ELIZABETH HOLMES: sua história é boa demais para ser verdade? / Getty Images
Da Redação
Publicado em 28 de abril de 2016 às 16h00.
Última atualização em 22 de junho de 2017 às 18h26.
Em 2003, Elizabeth Holmes, então com 19 anos, tomou duas decisões. A primeira foi abandonar o curso de engenharia química na Universidade Stanford para fundar uma startup. A segunda foi passar a vestir apenas roupas pretas: calça, camisa de gola rolê, blazer, sapatos. Nos 11 anos seguintes, sempre vestindo o que chama de uniforme, Holmes trabalhou em segredo, ou em “modo invisível”, como se diz no Vale do Silício. Foi apenas em 2014 que ela anunciou a Theranos publicamente.
A promessa de Holmes era revolucionar o negócio de diagnósticos médicos. Em vez de exames de sangue demorados, realizados em equipamentos complexos e caríssimos, Holmes apresentou um sistema que dependia de apenas algumas gotas de sangue tiradas da ponta do dedo, com resultados quase instantâneos. Os ex-secretários de Estado americanos Henry Kissinger e George Shultz fazem parte do conselho de administração. Larry Ellison, o fundador da gigante do software corporativo Oracle, é um dos investidores da empresa.
Holmes é dona de metade das ações da Theranos, o que equivale a uma fortuna de 4,5 bilhões de dólares no papel, de acordo com a última avaliação da empresa. O problema é que a Theranos não conseguiu provar que sua tecnologia de fato funciona – e desde meados de abril a companhia está sob investigação do Departamento de Justiça e da SEC, o órgão que regula os mercados de capitais nos Estados Unidos. Holmes, uma loira de olhos azuis alta e atraente, apareceu em capas de revistas de negócios e logo foi comparada a inovadores como Steve Jobs (que também gostava de vestir preto e golas rolê) e Mark Zuckerberg (que abandonou Harvard para se dedicar ao Facebook). Mas o hype em torno da empreendedora durou pouco.
Depois de uma longa investigação, o The Wall Street Journal publicou uma série de reportagens afirmando que a tecnologia-chave da Theranos, uma máquina capaz de analisar as minúsculas amostras de sangue contidas no que empresa chama de nano-contêineres, simplesmente não estava pronta.
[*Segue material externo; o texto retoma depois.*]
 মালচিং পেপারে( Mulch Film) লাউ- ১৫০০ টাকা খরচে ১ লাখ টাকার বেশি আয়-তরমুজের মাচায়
A empresa já oferecia 240 exames comercialmente, mas apenas 15 deles eram realizados com a tecnologia da própria Theranos – o restante passava por equipamentos convencionais. Um mês depois da publicação das reportagens, a Theranos manteve o uso do nanocontêiner para um único exame. Todos os outros seria realizados em máquinas similares às encontradas nos laboratórios tradicionais.
Funcionários da empresa afirmaram ao WSJ que o equipamento – batizado de Edison, em homenagem ao famoso inventor americano – não produzia resultados confiáveis. Um estudo recente concluiu que os exames da empresa apontavam índices “sistematicamente mais baixos” de colesterol em comparação com concorrentes estabelecidos. A Food and Drug Administration, órgão regulador do governo americano responsável pela aprovação de remédios, repreendeu a Theranos, afirmando que o nanocontêiner é um recipiente “não-aprovado” para a coleta de sangue dos pacientes. A Walgreens, maior rede de farmácias dos Estados Unidos, oferece exames da Theranos em quiosques instalados em algumas lojas, mas já estaria tentando acabar com parceria diante da onda de notícias negativas.
A pergunta que todos se fazem é se a história da Theranos, uma empresa revolucionária e ainda por cima fundada por uma mulher – o que é raridade no Vale do Silício –, era boa demais para ser verdade. O Centers for Medicare and Medicaid Services, responsável pela regulamentação de laboratórios clínicos, afirmou que um laboratório da Theranos representava riscos para a saúde dos pacientes. A empresa afirma que um segundo laboratório – aprovado pelo órgão regulador, segundo a companhia –, foi responsável pela maior parte dos mais de 6 milhões de exames já realizados. Além da questão médica, a SEC investiga se Holmes enganou seus investidores ao ocultar o real estágio de desenvolvimento de sua tecnologia. Diante de tantas dúvidas a respeito da companhia, já há quem diga que o dano à reputação é irreparável.